Plasmonic nanocavity-enabled universal detection of layer-breathing vibrations in two-dimensional materials

TL;DR

This paper introduces a plasmonic nanocavity-enhanced Raman spectroscopy method that universally detects interlayer vibrations in 2D materials, overcoming traditional limitations and providing a quantitative understanding of interlayer interactions.

Contribution

The study develops a plasmon-enhanced Raman technique and a polarizability model to detect and analyze layer-breathing modes in various 2D materials, including heterostructures.

Findings

Enhanced detection of LB modes in multilayer graphene and hBN.

Modified polarization selection rules due to plasmonic effects.
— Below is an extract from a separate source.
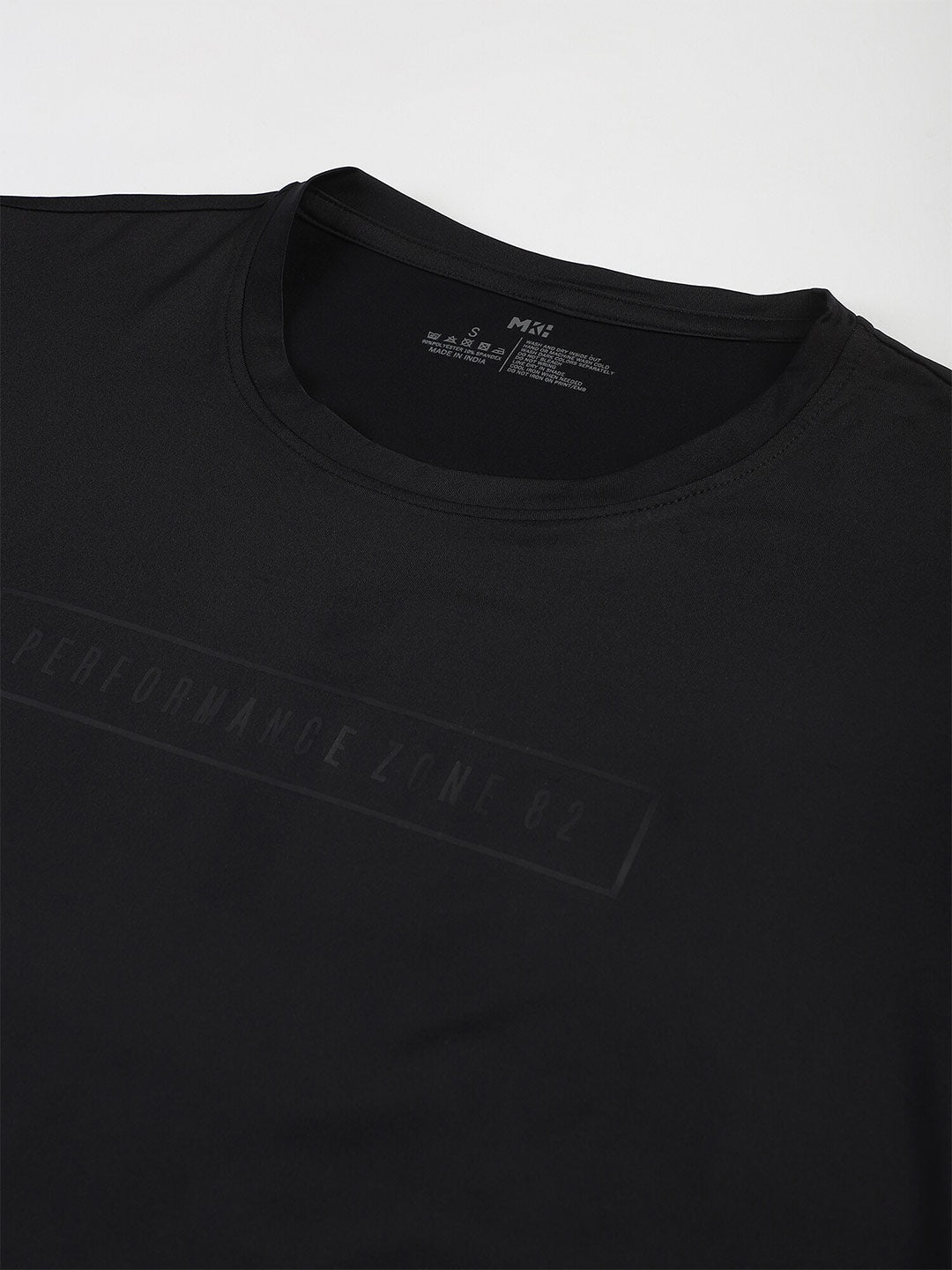 MKH Women Black Typography Dri-FIT Polyester Round Neck Sports T-shirt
Quantitative model explaining intensity profiles and interfacial polarizability.

Abstract

Conventional Raman spectroscopy faces inherent limitations in detecting interlayer layer breathing (LB) vibrations with inherently weak electron-phonon coupling or Raman inactivity in two-dimensional materials, hindering insights into interfacial coupling and stacking dynamics. Here we demonstrate a universal plasmon-enhanced Raman spectroscopy strategy using gold or silver nanocavities to strongly enhance and detect LB modes in multilayer graphene, hBN, and their van der Waals heterostructures. Plasmonic nanocavities even modify the linear and circular polarization selection rules of the LB vibrations. By developing an electric-field-modulated interlayer bond polarizability model, we quantitatively explain the observed intensity profiles and reveal the synergistic roles of localized plasmonic field enhancement and interfacial polarizability modulation. This model successfully describes the behavior across different material systems and nanocavity geometries. This work not only overcomes traditional detection barriers but also provides a quantitative framework for probing interlayer interactions, offering a versatile platform for investigating hidden interfacial phonons and advancing the characterization of layered quantum materials.